For Wednesday: Last Questions--Binti, The Night Masquerade: Chapters 4-9



These are our LAST questions for the class! We'll just have a Reading Exam on Friday, so be sure to finish the book by then. Hopefully, these last readings will give you more ideas to help you approach the Final Project, which we'll talk a bit more about on Friday. Let me know if you have any questions...

Answer TWO of the following

Q1: To bring about a truce between the Khoush and the Meduse, Binti invokes "deep culture," something she claims "Never in a thousand years would I have believed it would move through me." What is deep culture in the story, and what might it represent outside of the story (esp. in terms of earlier works from the class--the Tao te Ching and the Prophet, for example)?

Q2: Why do the Himba elders decide to abandon Binti and sacrifice her to the two warring races?
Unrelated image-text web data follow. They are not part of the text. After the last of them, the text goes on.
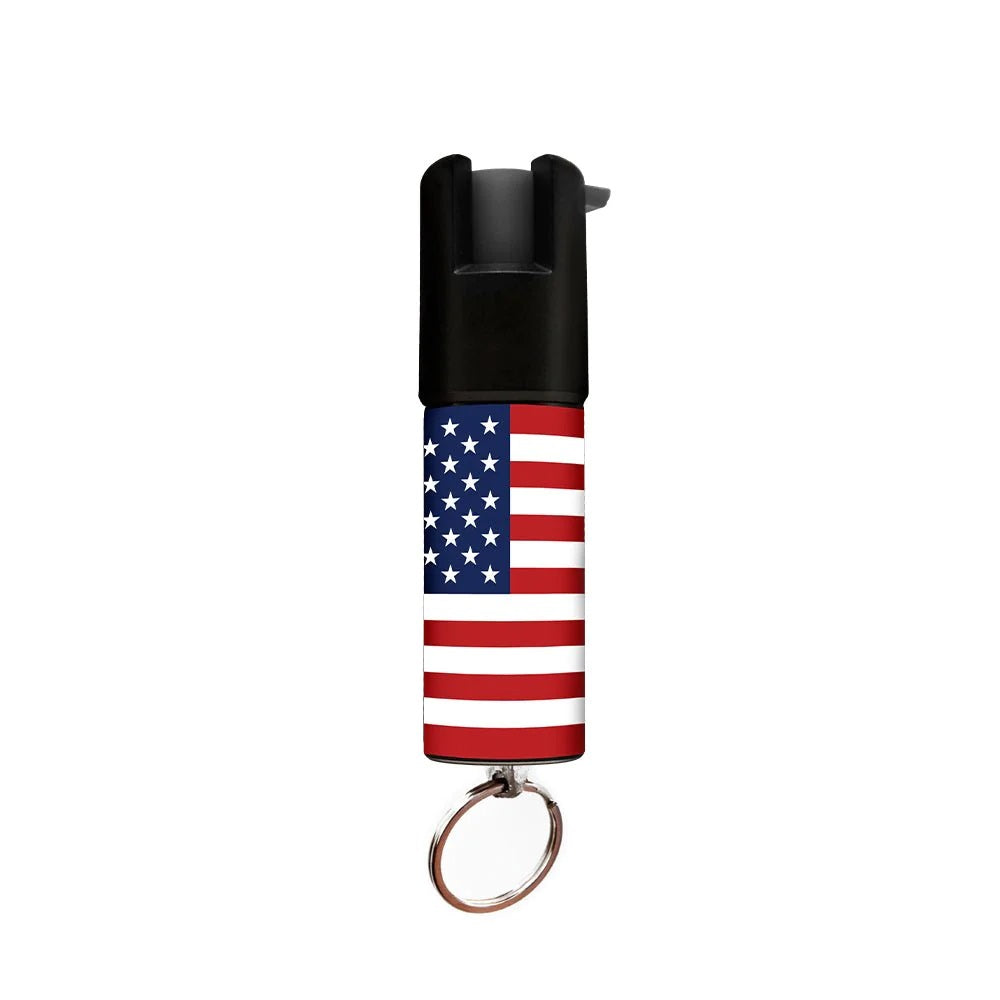 USA Flag Keychain Mini Pepper Spray for Self Defense - Safety Twist Top to Prevent Accident - TOPHATTER'S ARMORY DEALS
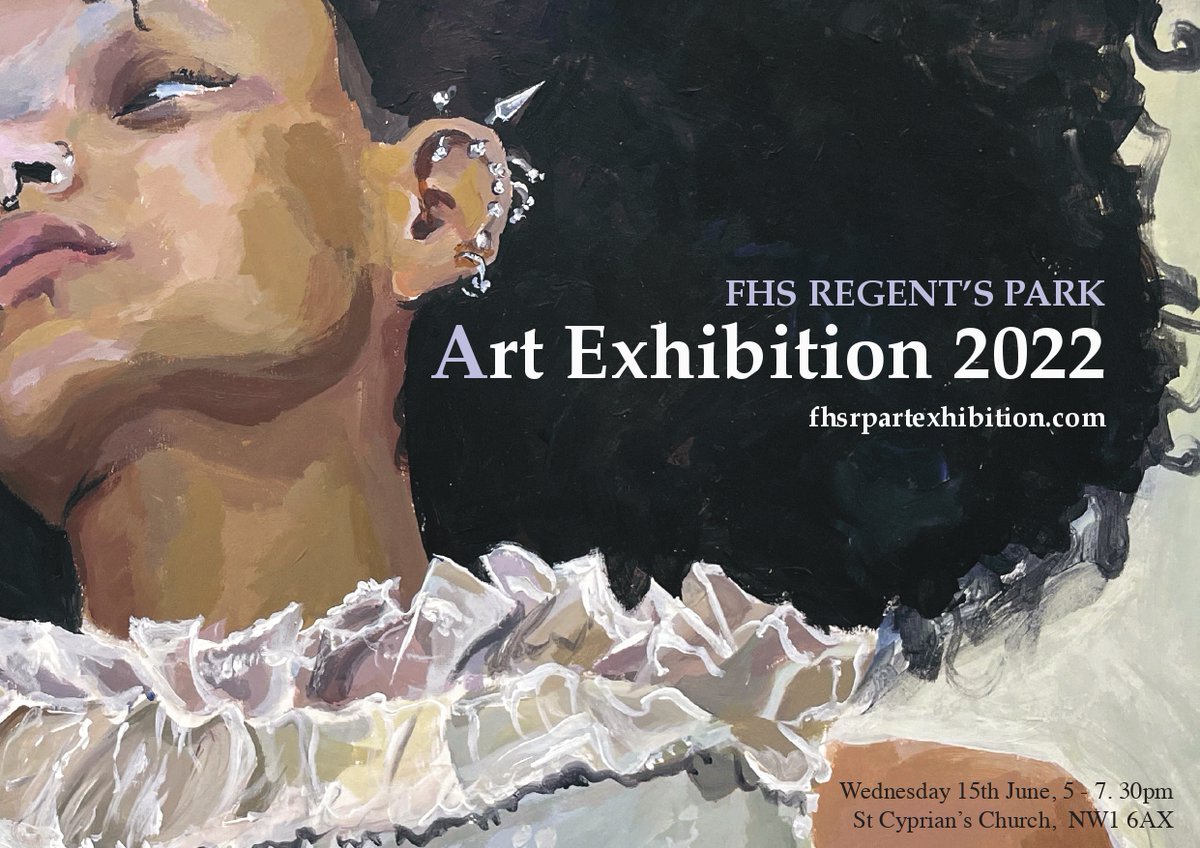 FHSRegentsPark's tweet photo. Today's the day! Our Art Exhibition at St Cyprian's Church opens today for public viewing from 5-7:30pm, and tomorrow from 4-6:30pm. Come along and see our GCSE and A Level students' fabulous pieces #FHSCreativity #FHSArt #ArtExhibition https://t.co/Yb54BEF01l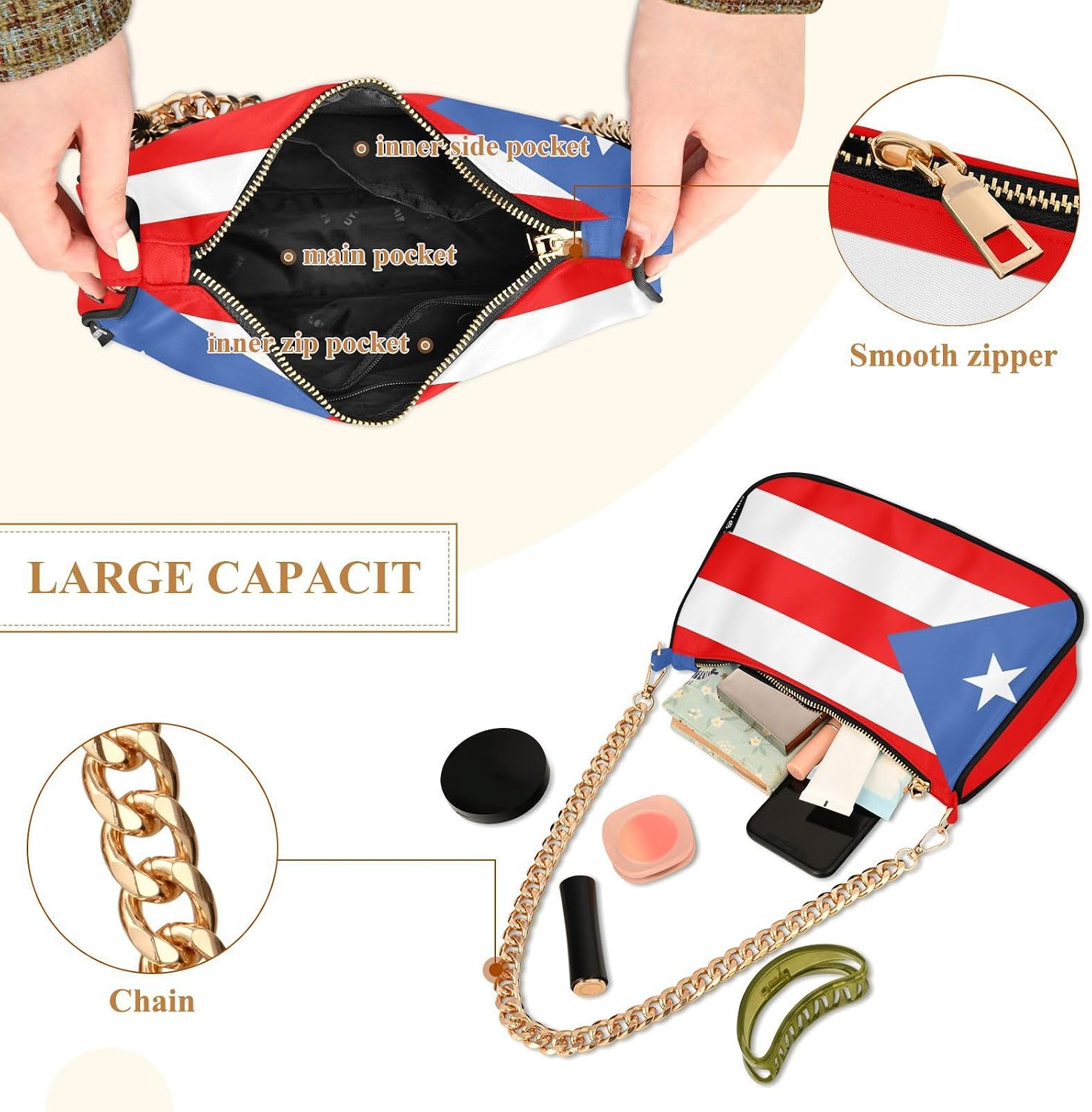 Patriot Flag Shoulder Bag Women Clutch Handbag Date Chain Bag Holiday Birthday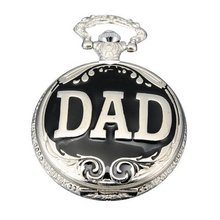AMPM24  Silver Black Dad Flower Pendant Pocket Quartz Gift + Chain WPK053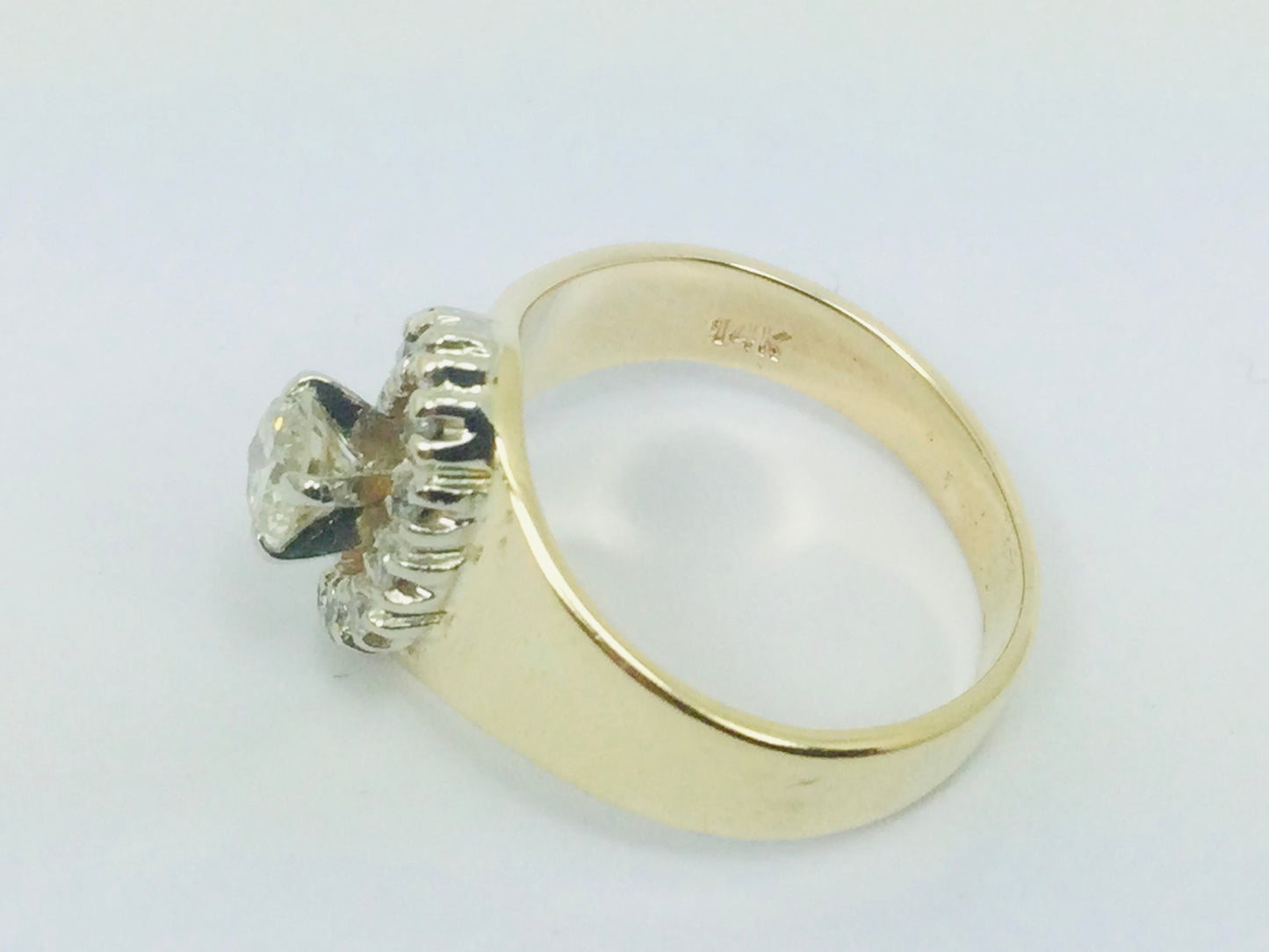 14k Yellow Gold Round Cut 0.55ct Diamond Marquise Halo Ring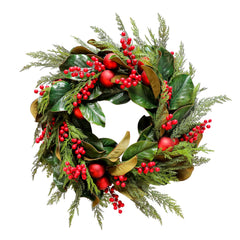 Faux Red Ball Magnolia Wreath - 24''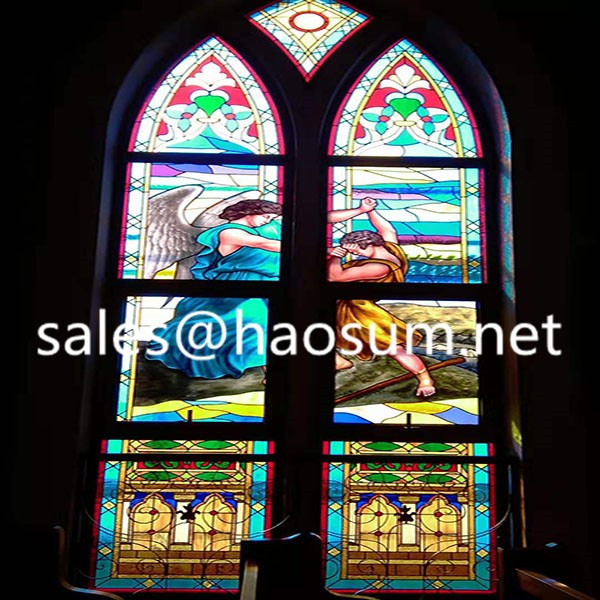 FoShan HAOSUM Color glazing Cathedral church stained tempered design glass manufacture 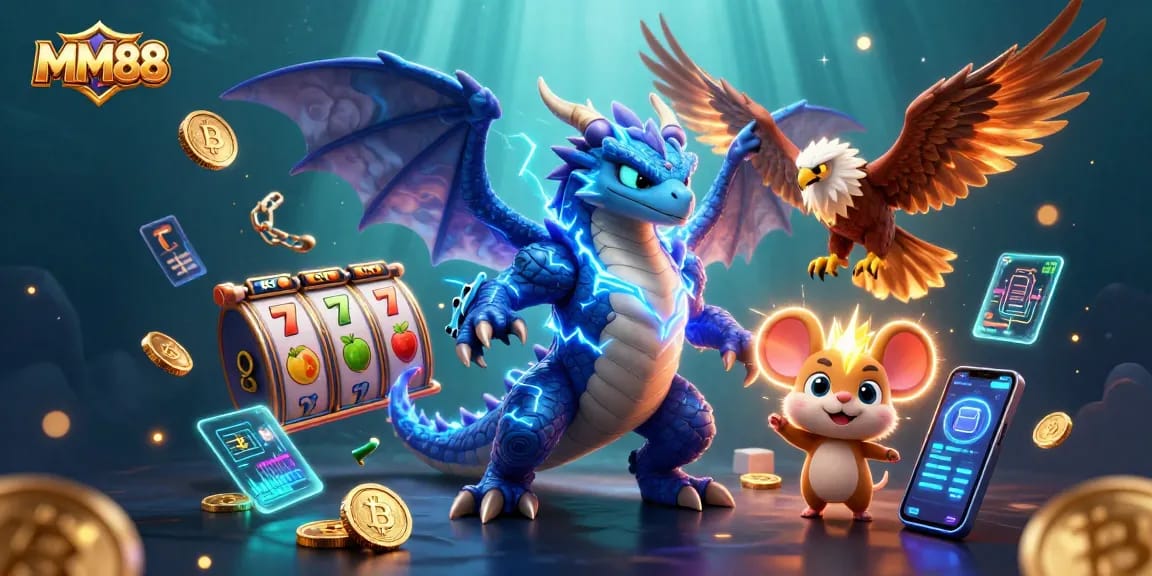 Win big with MM88 in a vibrant casino scene featuring colorful slot elements and dynamic characters.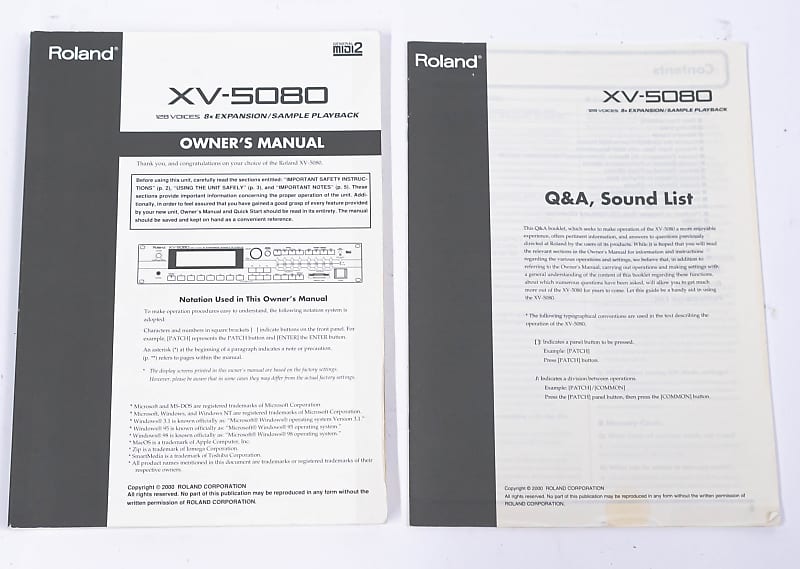 Roland XV-5080 Synthesizer Module Owners Manual with Q&A Sound List image 1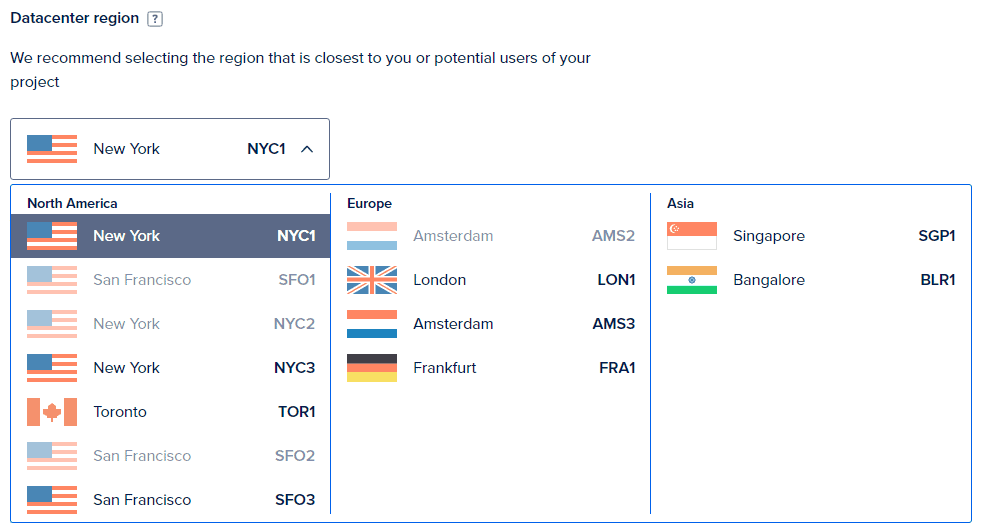 DigitalOcean's data center selection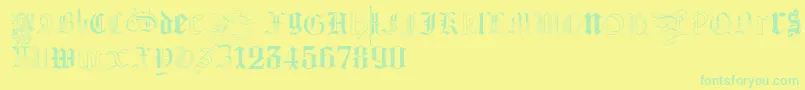 KidnappedAtGermanLands Font – Green Fonts on Yellow Background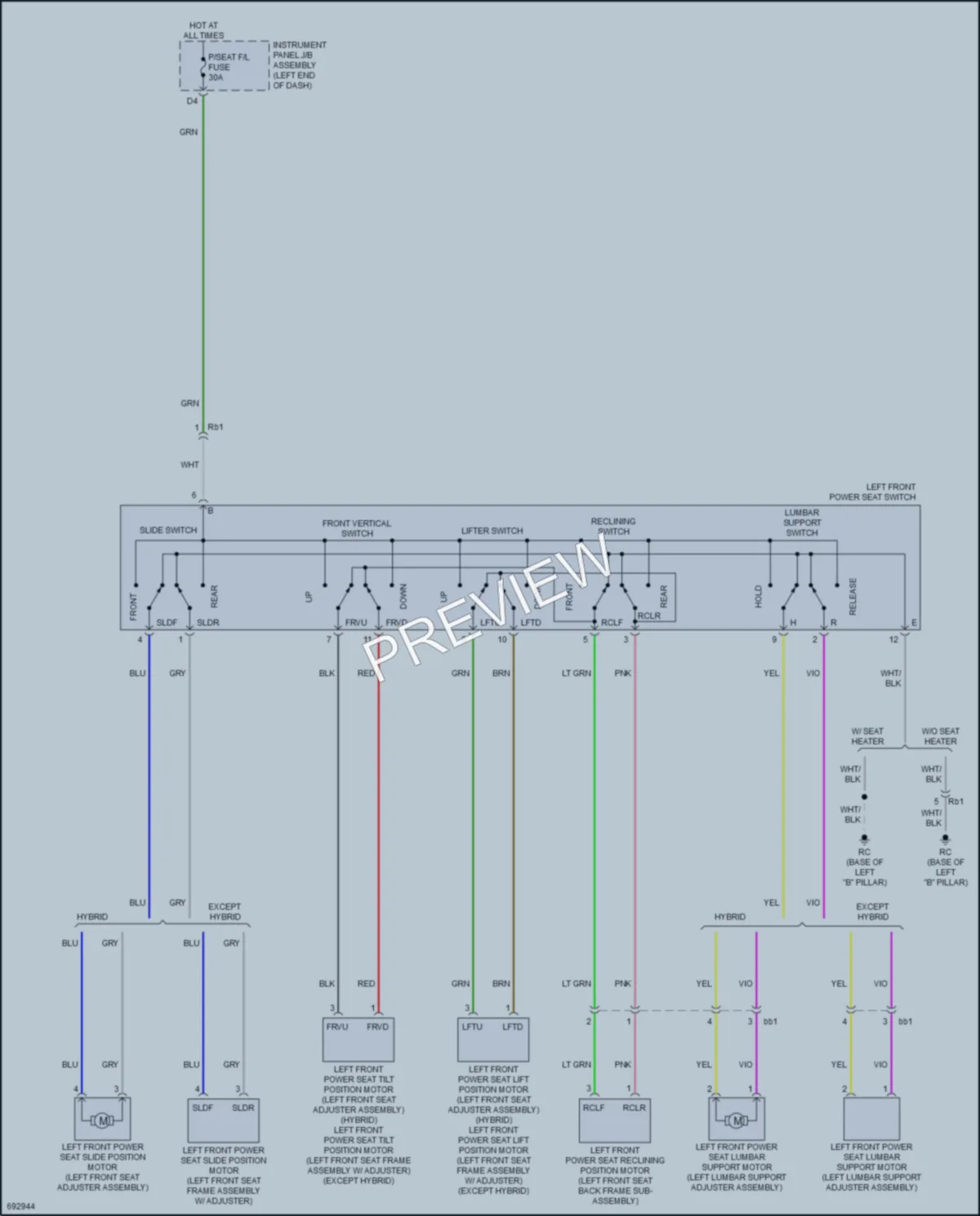 2020 Toyota CamryHybrid Power Seats wiring diagram preview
Don't they want peace, especially given the famous saying "When elephants fight, the grass suffers"? How does this confirm many of Binti's suspicions about the tribe (and the elders, especially)?

Q3: After Binti's death, Mywinyi remarks that "She's a master harmonizer, but what harmony did she bring? I couldn't understand her. She seemed broken." How might Binti have been broken prior to her death? Though she seemed to have finally found her identity, what conflict might have continued to unbalance her?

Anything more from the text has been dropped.